■ WORK INSTRUCTIONS
All that is needed is the line containing "JILBAB INSTAN PLISKET" and the lines after it to the end of the material, written out exactly, pictures left aside.

■ INFORMATION SUPPLIED
= Beginning of Section =

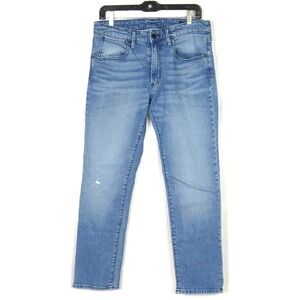 BONOBOS Medium Wash Stretch Tapered Leg Denim Jeans Men's 32 X 30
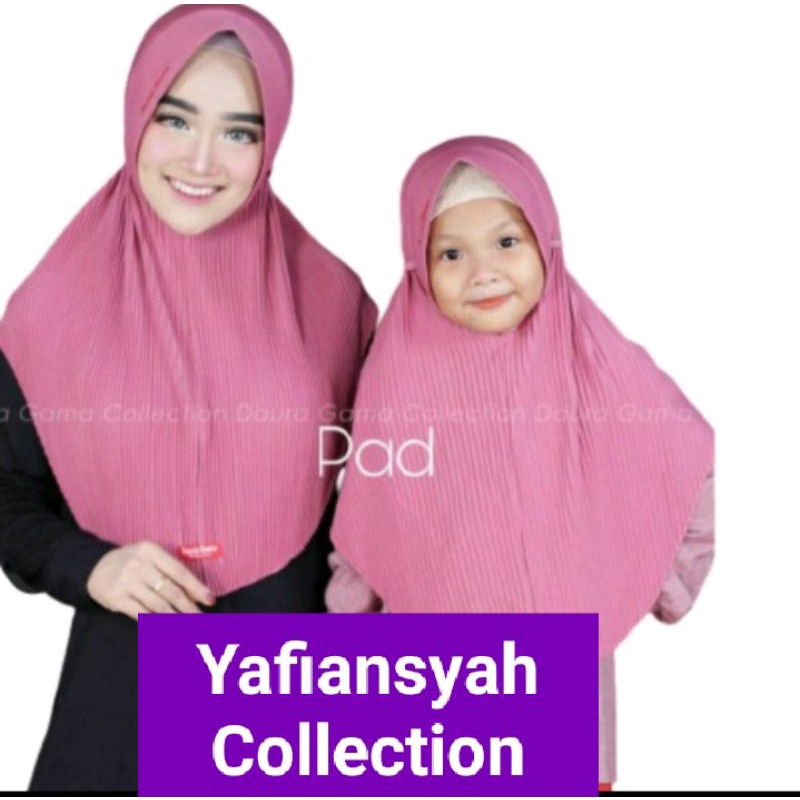JILBAB INSTAN PLISKET ""COUPLE PET" ORI DAURAGAMA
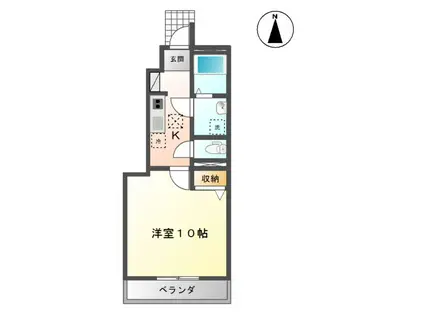 ARENA・M(1K/1階)の間取り写真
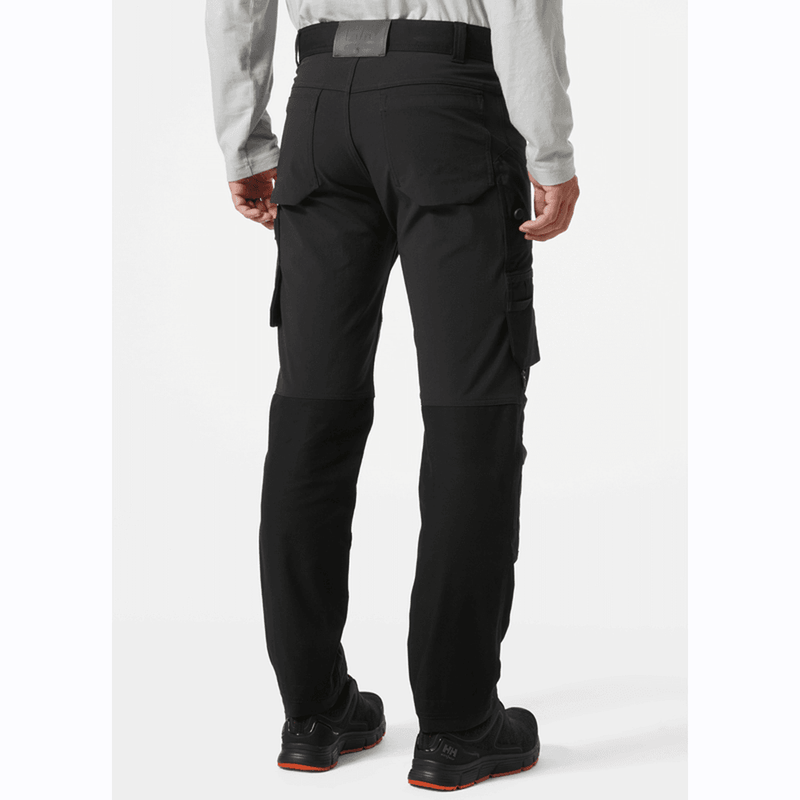 Helly Hansen 77407 Oxford 4X Stretch Work Pants Trousers Black - KNEE PAD TROUSERS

= End of Section =

■ RESPONSE BOX
JILBAB INSTAN PLISKET ""COUPLE PET" ORI DAURAGAMA
 ARENA・M(1K/1階)の間取り写真
 Helly Hansen 77407 Oxford 4X Stretch Work Pants Trousers Black - KNEE PAD TROUSERS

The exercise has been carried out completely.